How soon is now? Denver, CO. Friday 6th October. 10am, MT. The 14th Rocky Mountain Audio Festival is throwing open its doors and embargoes on a handful of product announcements are being lifted. That means even non-attendees can keep abreast of high-end audio developments coming down the pike from the Denver Tech Centre’s newly refurbished Marriott Hotel.
Here we detail three announcements whilst acknowledging the irony that you’re getting this information faster than you would were I in Denver covering the show.
Naim / Roon
One of the most impressive product debuts of RMAF 2016 was Naim’s Uniti range. Shoebox-sixed all-in-one players that call for no more than a pair of loudspeakers and an Internet connection. Real world hifi for those unwilling or unable to give over half their lounge room to a rack full of high end audio gear.
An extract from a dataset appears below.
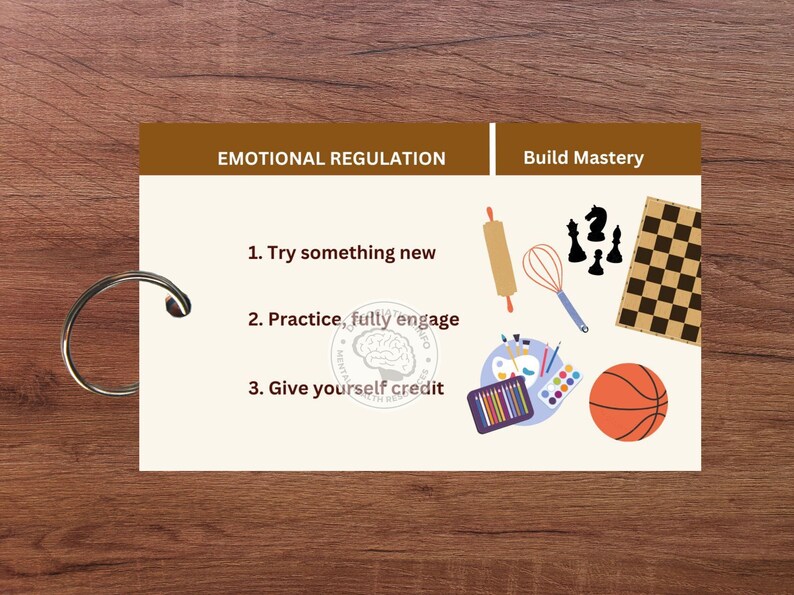 May include: A brown card with the text "Emotional Regulation" and "Build Mastery" on it. The card lists three steps for emotional regulation: "Try something new", "Practice, fully engage", and "Give yourself credit". The card also features illustrations of a rolling pin, whisk, paintbrushes, a chessboard, and a basketball.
Uniti comprises the following models: “the reference audiophile Uniti Nova, the multi-functional CD operating Uniti Star and the compact yet powerful Uniti Atom”.
This year, Naim are back at RMAF with the simple announcement: the Uniti range will be made Roon Ready via a firmware update arriving sometime this month.
Per the press release, Naim Managing Director Trevor Wilson is quoted thusly: “At Naim we have always appreciated customers that wish to experience and browse their music collections in many different ways – be that vinyl, UPnP servers (of many different flavours), CD, Tuners and streaming services. In recent times a new entrant to the computer audio world – Roon – has created a solution that appeals to a certain section of the audiophile community. Naim has been looking at and talking with Roon for quite a while – we get on well and I’m pleased that we can make this announcement today.”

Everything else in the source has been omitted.